Plutôt que de lui enseigner la photographie, Parks partage sa philosophie de la vie, montrant à Cowans comment canaliser une énergie négative en création artistique. « Une énergie négative, ça se paie. Si vous êtes optimiste et positif et que vous traitez les gens comme vous souhaitez l’être vous-même, neuf fois sur dix, il n’en ressort que du bon. Même si vous ne le voyez pas, cela s’en ressentira visuellement. »
Puis Cowans a l’opportunité de travailler auprès de Saul Leiter – opportunité qu’il ne pourra saisir parce qu’il est appelé sous les drapeaux, et il sera donc photographe dans la l’US Navy. Après son service militaire, la carrière de Cowans le mène sur les plateaux d’Hollywood où il photographie, entre autres stars, Diahann Carroll, Faye Dunaway, Jane Fonda et Katherine Hepburn, ainsi que des musiciens de jazz et autres artistes.

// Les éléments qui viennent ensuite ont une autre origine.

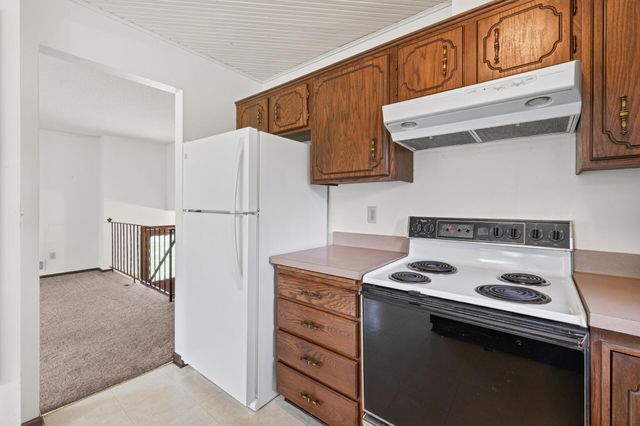 5326 Knox Avenue N, Brooklyn Center, MN 55430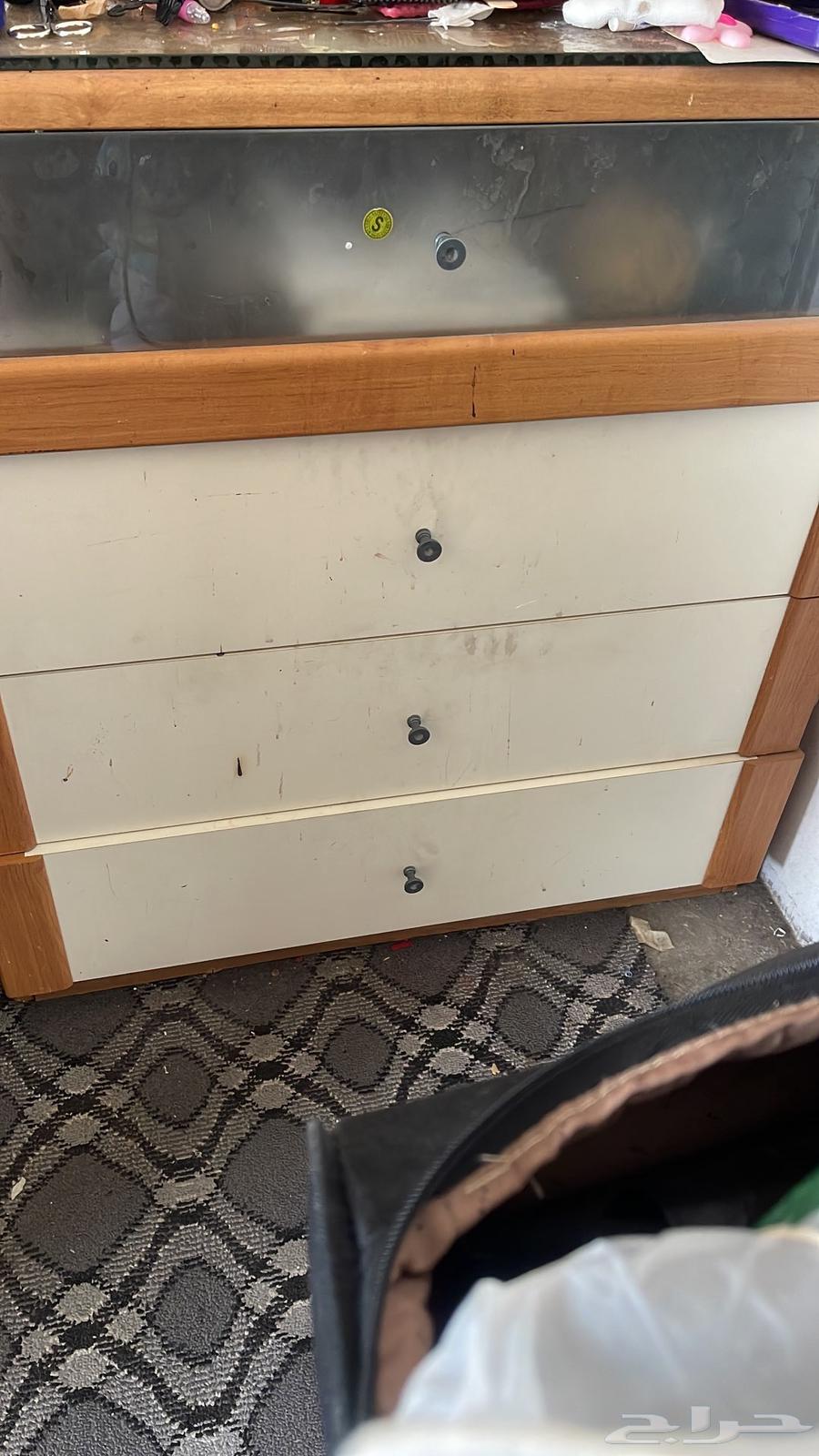 اغراض متفرقه للبيع64433940003585114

La sensibilité et la profondeur de Cowans sont sa marque de fabrique. Son cœur est son unique boussole. « Vous devez être là le premier – et ressentir douleur, joie, ou quoi que ce soit – pour le transmettre au spectateur », conclut-il. « C’est ce qui fait un artiste. »
L’exposition “Adger Cowans: Sense and Sensibility” est présentée au Fairfield Art Museum jusqu’au 18 juin 2022.